THE TASK: Where the line containing "Jada Toys Hero" appears, start repeating, and continue exactly through the last line below, adding nothing. Include no pictures.

DATA BLOCK:
__________________________________________________

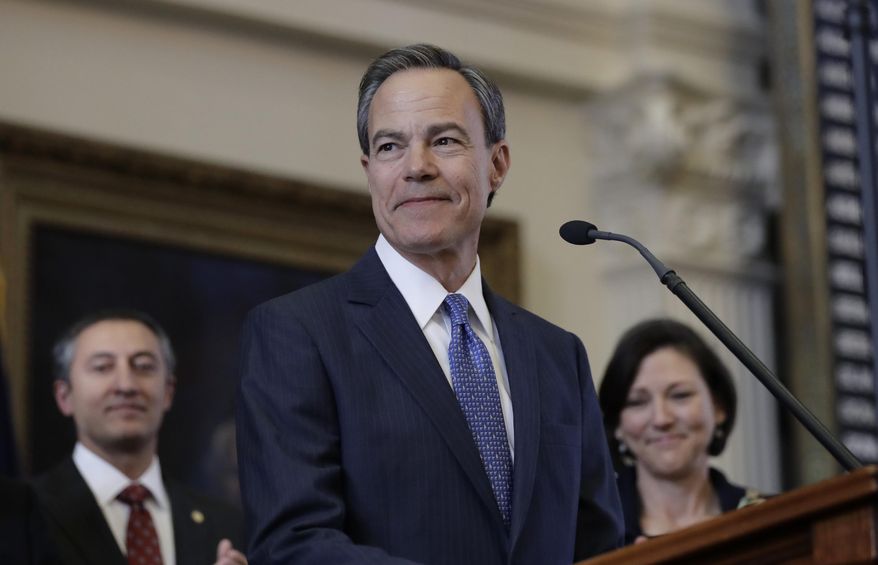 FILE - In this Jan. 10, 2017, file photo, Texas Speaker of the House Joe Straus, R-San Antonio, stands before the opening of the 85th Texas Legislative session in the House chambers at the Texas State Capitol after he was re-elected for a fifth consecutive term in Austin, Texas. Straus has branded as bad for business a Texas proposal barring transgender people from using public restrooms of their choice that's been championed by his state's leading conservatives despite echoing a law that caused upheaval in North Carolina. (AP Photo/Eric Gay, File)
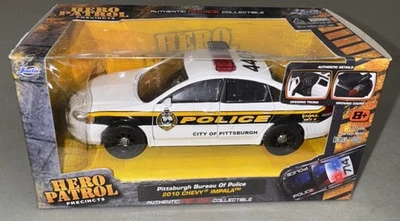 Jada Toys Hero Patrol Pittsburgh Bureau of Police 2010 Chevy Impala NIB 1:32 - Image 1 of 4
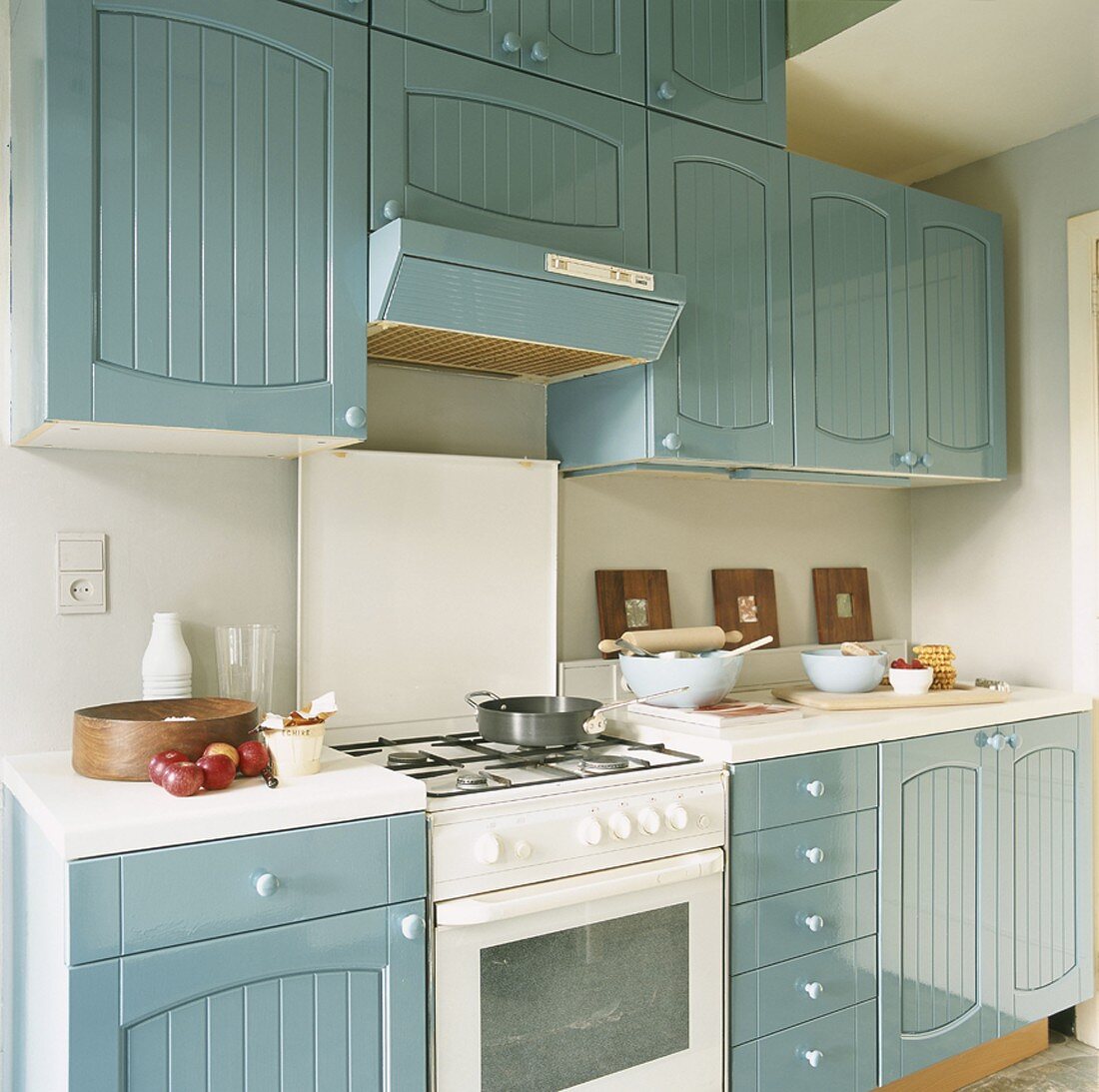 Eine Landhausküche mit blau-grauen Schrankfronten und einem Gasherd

__________________________________________________

EXPECTED ANSWER:
 Jada Toys Hero Patrol Pittsburgh Bureau of Police 2010 Chevy Impala NIB 1:32 - Image 1 of 4
 Eine Landhausküche mit blau-grauen Schrankfronten und einem Gasherd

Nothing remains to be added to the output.